The Fathers Believed in a Young Earth

Having looked at the classic ancient interpreters of the Bible, both Jewish and Christian, we can now ask ourselves what the ancient perspective was.  Did they actually believe in an old earth as some purport or did they hold to a literal point of view?  As we have seen, in every instance (except for Origen and partly Augustine), both Jewish and Christian perspectives held that the heavens and the earth were created in six, literal days and many of the commentators defined what a day is by stating that it meant 24 hours.  Not one of them (except Origen) even remotely intimated that those six days of creation should be understood as long ages or that day meant anything other than a period of 24 hours.  Time and again, they believed that God made all that is in a span of six, 24-hour days and they all thought that it occurred less than 6000 years before their own lives.  Even Augustine wrote that the creation had occurred less than 6000 years before his own day.  The real exception to the overwhelming and prevailing belief that God created in a span of six days less than 6000 years earlier was Origen and as we saw, so many of his teachings were considered heretical that his opinion on the creation of the world bears little weight.  This view of a literal, six-day creation would remain as the only acceptable belief until the enlightenment and the advent of the geology of Charles Lyell and Darwin’s  evolutionary hypothesis.

Thomas Aquinas of the 13th century, considered to be one of the foremost theologians of the Catholic Church, stated: “’God called the light day’ (since the word ‘day’ is also used to denote a space of twenty-four hours). Other instances of a similar use occur, as pointed out by Rabbi Moses.”  (Thomas  Aquinas, The Summa Theologica)
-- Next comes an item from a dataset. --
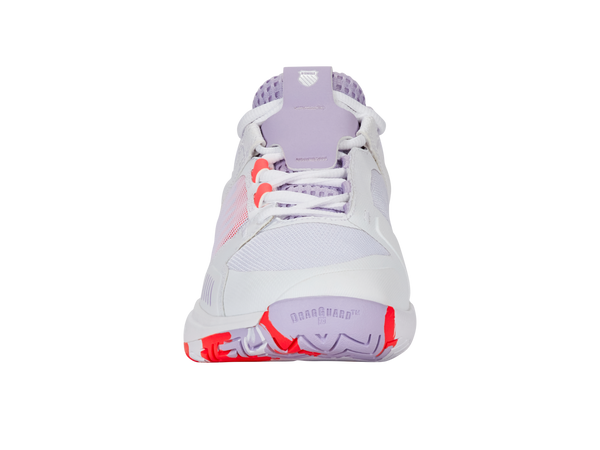 K Swiss ULTRASHOT TEAM WHITE/ORCHID PETAL/NEON BLAZE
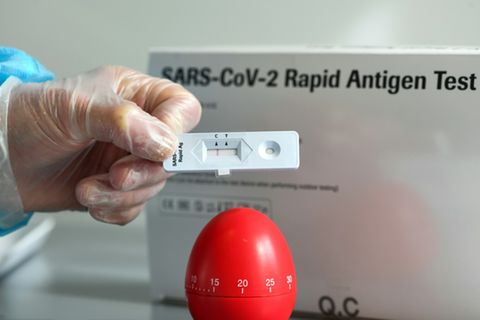 Negativer Coronatest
Martin Luther, the great protestant reformer of the 16th century, believed in a young earth as well.

We know from Moses that the world was not in existence before 6,000 years ago […] He [Moses] calls ‘a spade a spade,’


_i.e., he employs the terms ‘day’ and ‘evening’ without allegory, just as we customarily do […] we assert that Moses spoke in the literal sense, not allegorically or figuratively, i.e., that the world, with all its creatures, was created within six days, as the words read. If we do not comprehend the reason for this, let us remain pupils and leave the job of teacher to the Holy Spirit.  (Martin Luther, Lectures on Genesis)

This view is shared by John Calvin, who also lived in the 16th century, that the earth is less than 6000 years old, which implies that the days of creation were literal six days of 24-hours.  In speaking of those that reject some of his teachings, he strongly declares:

A rebellious spirit will display itself no less insolently when it hears that there are three persons in the divine essence, than when it hears that God when he created man foresaw every thing that was to happen to him. Nor will they abstain from their jeers when told that little more than five thousand years have elapsed since the creation of the world. (John Calvin)

Thus what shall we conclude?  Is it safe to venture that the early church believed that God created the universe in six, literal days roughly six thousand years prior to their time?  There exists no historical reason to believe in any other conclusion.  We have also seen that there exists no philological, semantic or syntactical reason in the Bible.  The Bible never suggests that the Genesis days should be considered longer.  The only reason that exists to believe that those days were long periods of time is because one has accepted as established fact and truth the evolutionary model, and hence, feels the need to fit those billions of years into the Bible.  The amazing irony, however, is that evolution was devised to try to explain how we got here without the aid of a creator.


[i] All of the early Church Fathers are cited from The Early Church Fathers: Ante-Nicene Fathers Volumes 1 – 9 (1867), Edinburgh, using the electronic version of The Word Bible Software unless otherwise stated.

[ii] The belief of the ancient commentators that the entirety of human history would last 6000 years is not specifically stated in the Bible.  Nevertheless, the belief clearly shows that they believed the earth to be young and not millions or billions of years old.

 [iii] This was actually recorded by another ancient writer, Photius.